The doctors at court were very important. From medieval courts at Richard II of England and Charles the Bold, Duke of Burgundy, is described how the doctor at court had to take care of the prince and his family's good health.The doctor and the cooks prepared the food together, and the choice of medicinal herbs played a big part, since they contributed to give the course an intentional balance. During dinner the doctor stood by the prince's table, where he gave instructions as to the proper composition concerning the well-being of the prince.

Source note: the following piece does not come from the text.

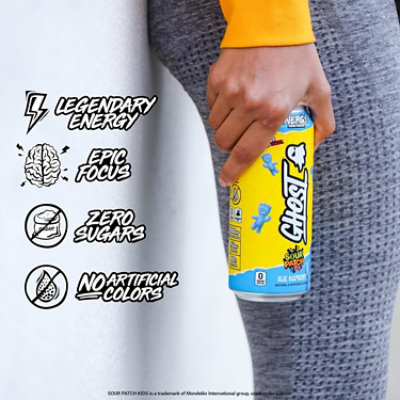 Ghost Sour Patch Kids Blue Raspberry Energy Drink In Can - 16 Fl. Oz. - Image 5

But there were also other reasons for taking care of the prince and other important persons by the dinner table. A serious problem was the safety around food and drinks, as the period was known for poisoning royalties and other significant people. The 'Kredens' /cupbearer had to taste all food and drinks, before they were served. A preventive means, an antidote, Theriak, was placed upon the table in a fine vessel, often formed like a ship and made in silver, but also the salt and pepper were being watched over. The salt vessel had to be covered, and between meals it was kept in the 'Silver Chamber'.
Theriak was an Arabic invention from the late 1100s, which is also described in the Danish physician Henrik Smith's herbal book. It consisted of birthwort (Aristolochia) , gentian, laurel, the best and noblest myrrh and honey. The original Arabic theriak contained snake, but this was replaced by crushed powder from the strong and poisonous herb birthwort. (Danish name: slangerod =snake's root) It was also a common advise to use the powder of the root against snake bites and as an emetic. In the morning it was recommended to take theriak in the size of a hazelnut. This would protect humans from plague etc., and it was said in general to be suitable for both man and beast.
Some medicine puré mentioned in a medical adviser like 'Conserva' and 'Electuarum' and 'Latverge' (German) showed to be a forerunner for today's assorted chocolates and other goodies. In Queen Christina's court accounts from 1510-12 was bought cinnamon- and ginger candy, almond- and anis candy etc. Henrik Smith's collection of recipes from 1546 gave common people the opportunity to make these goodies themselves. A medicine puré could be barley groat puré with figs and raisins, cooked with water into a consistency like a thick syrup, and when cool, sprayed with grounded cinnamon - and maybe served with crême fraiche!